*** Opening of Exercise material ***

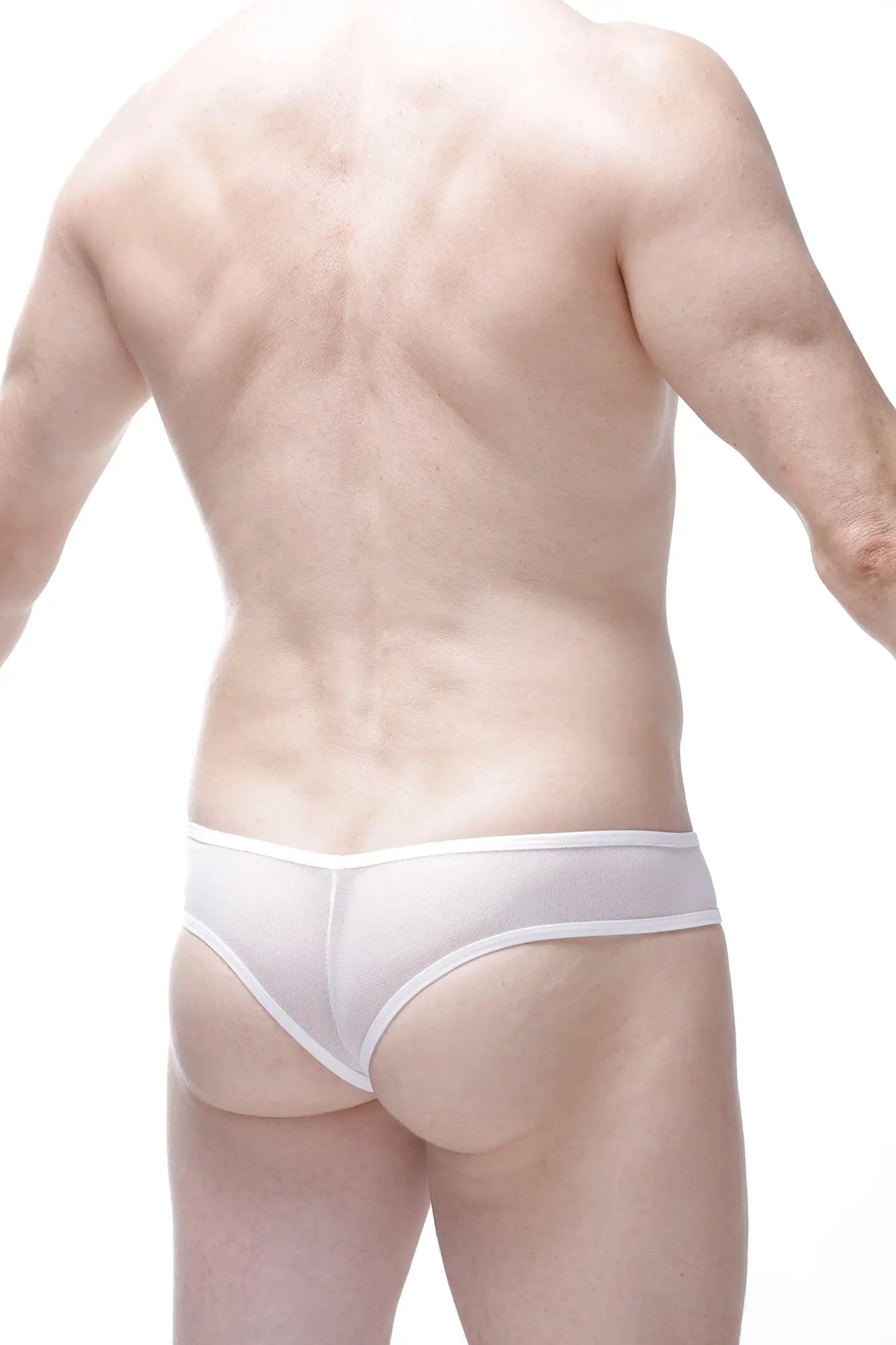 White sheer mesh bikini bavent kitty briefs with thin white waistband front view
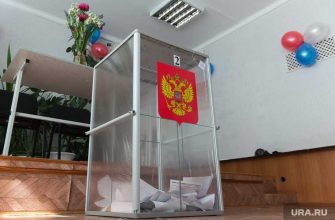 выборы судимость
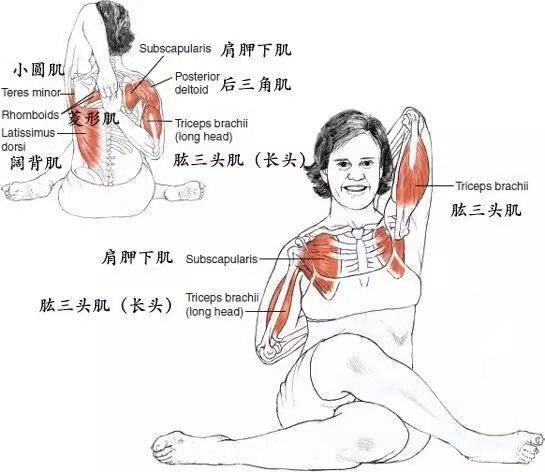 了解髋部解剖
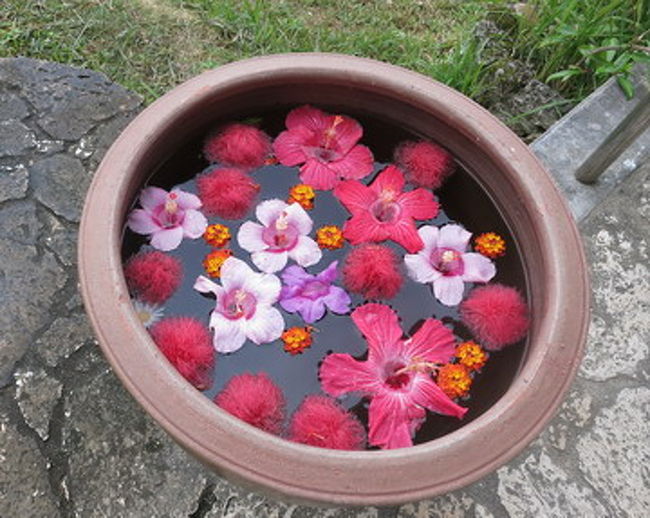 沖縄のいろんなお店でこういうの見ますが、やっぱりいいですね、花はなごみます。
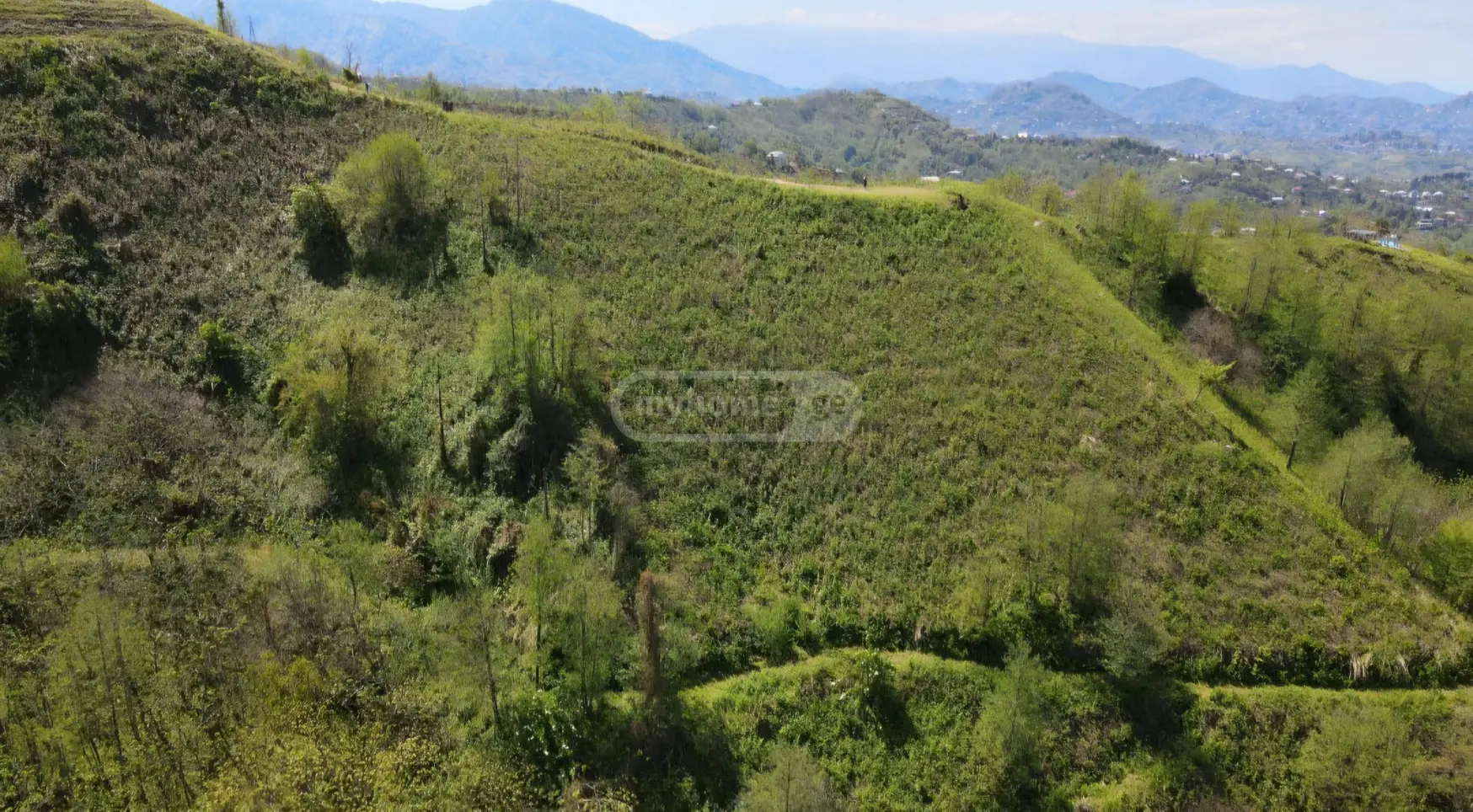 For Sale Sasoplo-Sameurneo Land Plot In Batumi view 12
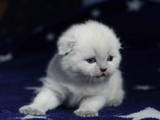 Кішки, кошенята Шиншила, ціна 2000 Грн., Фото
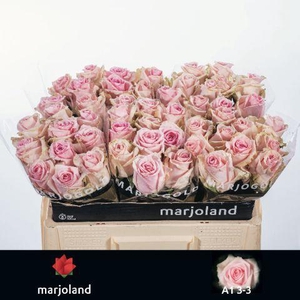 R GR SWEET DOLOMITI@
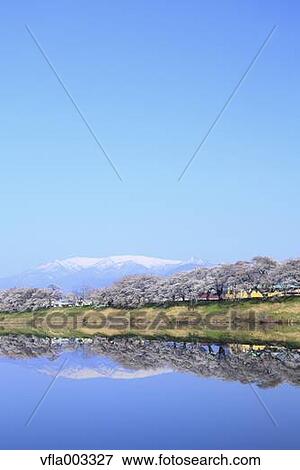 Miyagi Prefecture, Japan View Large Photo Image Stock Photo - Miyagi Prefecture, Japan. Fotosearch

*** Close of Exercise material ***

Begin at the line containing "выборы судимость" and restate exactly every line through the end of the material, skipping the pictures.

Answer to this exercise
 выборы судимость
 了解髋部解剖
 沖縄のいろんなお店でこういうの見ますが、やっぱりいいですね、花はなごみます。
 For Sale Sasoplo-Sameurneo Land Plot In Batumi view 12
 Кішки, кошенята Шиншила, ціна 2000 Грн., Фото
 R GR SWEET DOLOMITI@
 Miyagi Prefecture, Japan View Large Photo Image Stock Photo - Miyagi Prefecture, Japan. Fotosearch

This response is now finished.